Why does the intense lighting require C02 supplementation?


----------



## yckelvin

Many thanks for your information, John N. It is very useful. May I confirm the gallon is in UK or US unit? 

My tank is 24"W x 18"H x 8"D and 55L, now using 3 x 16w T5 HO 13000K (28.83cm length), is that enough for plants?

Kelvin


----------



## ray-the-pilot

captmicha said:


> Why does the intense lighting require C02 supplementation?


I don't think anyone knows for sure why or even if this is true but it is commonly thrown around as a potential cause for algae growth.
I think the theory is that if plants get what they need in a balanced way, then algae will stay at bay. If something is out of balance, the higher species of plants don't grow as well giving algae an opportunity to proliferate.
So higher light requires more nutrients to stay in balance (ie CO2 supplementation).


----------



## NursePlaty

Right now my 55g has 92 watts from 4x23W 6500L CFLS. Should I increase 4 bulbs? total of 8 bulbs?


----------



## fishyjoe24

NursePlaty said:


> Right now my 55g has 92 watts from 4x23W 6500L CFLS. Should I increase 4 bulbs? total of 8 bulbs?


what type of light are you trying to get? low,med, high? depends on what you want to grow.
I got medium light over my 29g with just 36w of t5 bulbs. just 2 t5 no bulbs got me medium lighting. :twitch: it's all about p.a.r., and lums in my opinion. also not all bulbs are created equal. I like ati and uv. coralifes are good but on the lower end. also are your plants growing? don't fix it unless it's broken.


----------



## NursePlaty

Wanting to get high lighting. Everything is growing fine but I want my plants to look their best. I want the reds to be more redder and stronger light so it can penetrate to my foreground plants. Chart showed 108-200 or something like that and I was only at 92. I also wanted to grow HC and I don't think I can achieve that with only 4 CFLs 23w each.



fishyjoe24 said:


> what type of light are you trying to get? low,med, high? depends on what you want to grow.
> I got medium light over my 29g with just 36w of t5 bulbs. just 2 t5 no bulbs got me medium lighting. :twitch: it's all about p.a.r., and lums in my opinion. also not all bulbs are created equal. I like ati and uv. coralifes are good but on the lower end. also are your plants growing? don't fix it unless it's broken.


----------



## Cachimbo

Hello,

Wattage for aquarium confuses me a bit. How much is too much or enough?

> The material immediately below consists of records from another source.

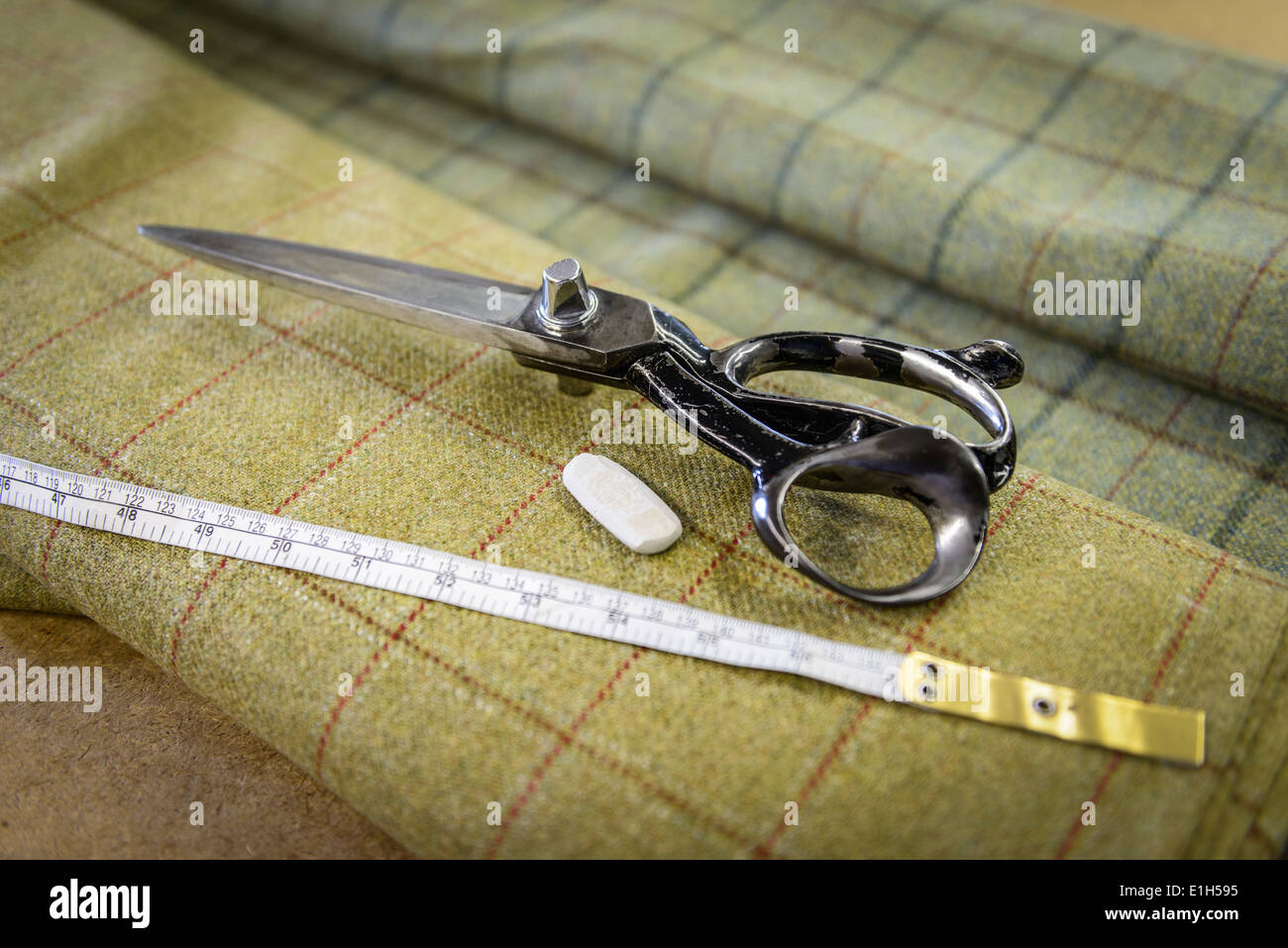 Harris Tweed materiale e forbici nella fabbrica di abbigliamento Foto Stock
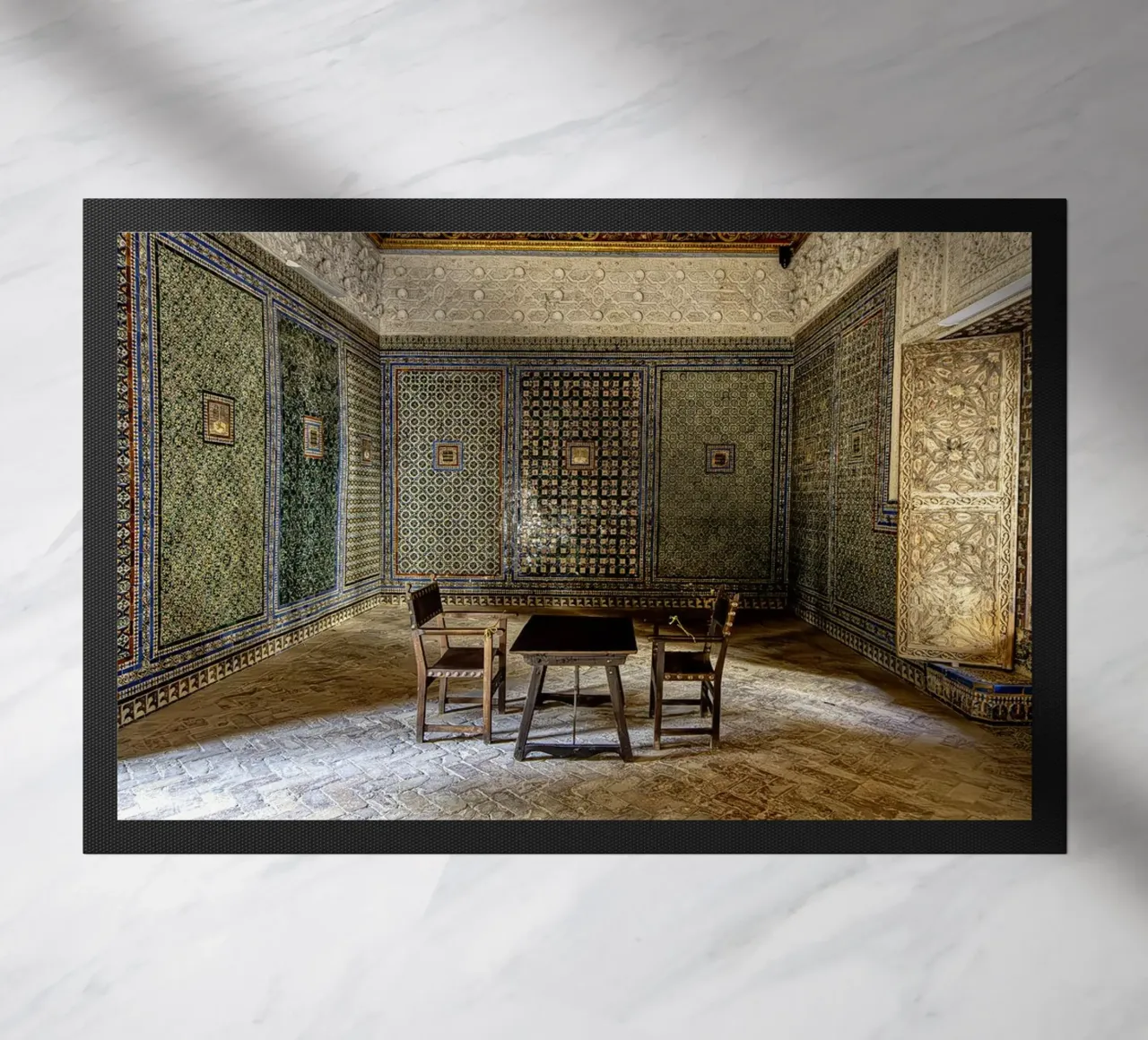 Camera mudéjar con piastrelle e soffitto in legno zerbino da Bilderwelt - Kunst für die Wand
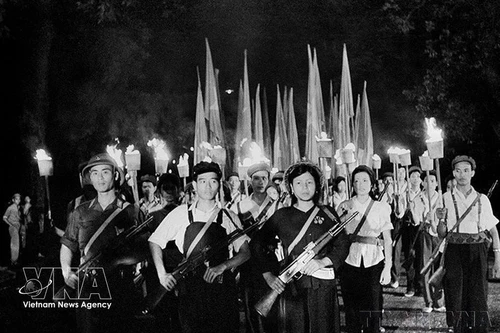 La jeunesse vietnamienne avance résolument sous le drapeau du Parti
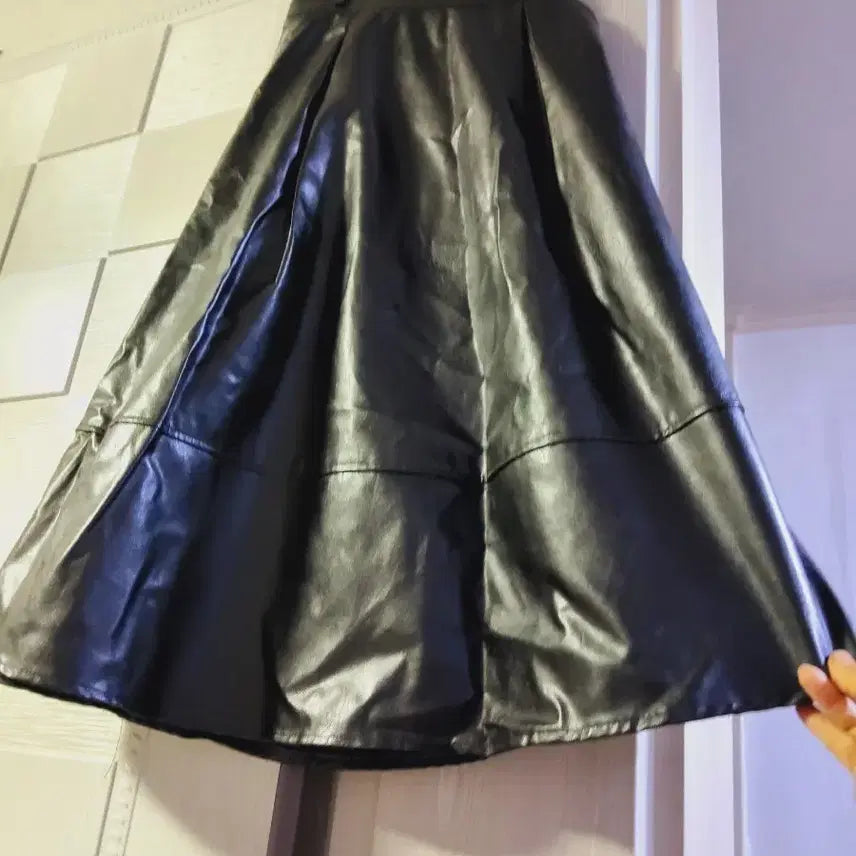 [BUNJANG] Black Pleated Faux Leather Flare Skirt / 블랙 핀턱 레더 플레어 스커트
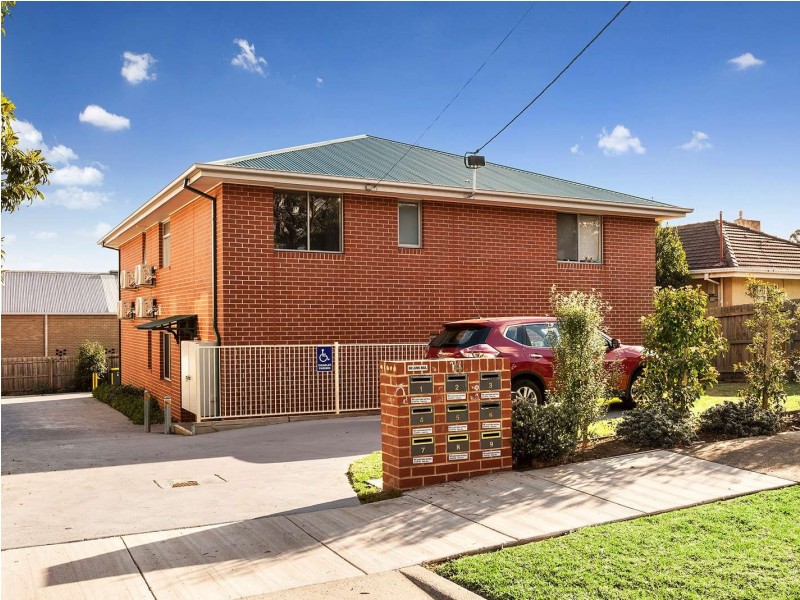 7/14 Cromwell Street, Burwood VIC 3125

Well, I have a 50 Gal, 20" tall, two T6 AH Supply 96w compact, 6700K. That is 3.84w/Gal. can alternate the tubes and have 1.92w/Gal. Tank is medium planted on its way to heavily planted, and just finished cycling. Soon I will install injected Co2 (actually have DIY).

I have read about T8, T5 an so on but the wattage rule does not partner for each type of illumination.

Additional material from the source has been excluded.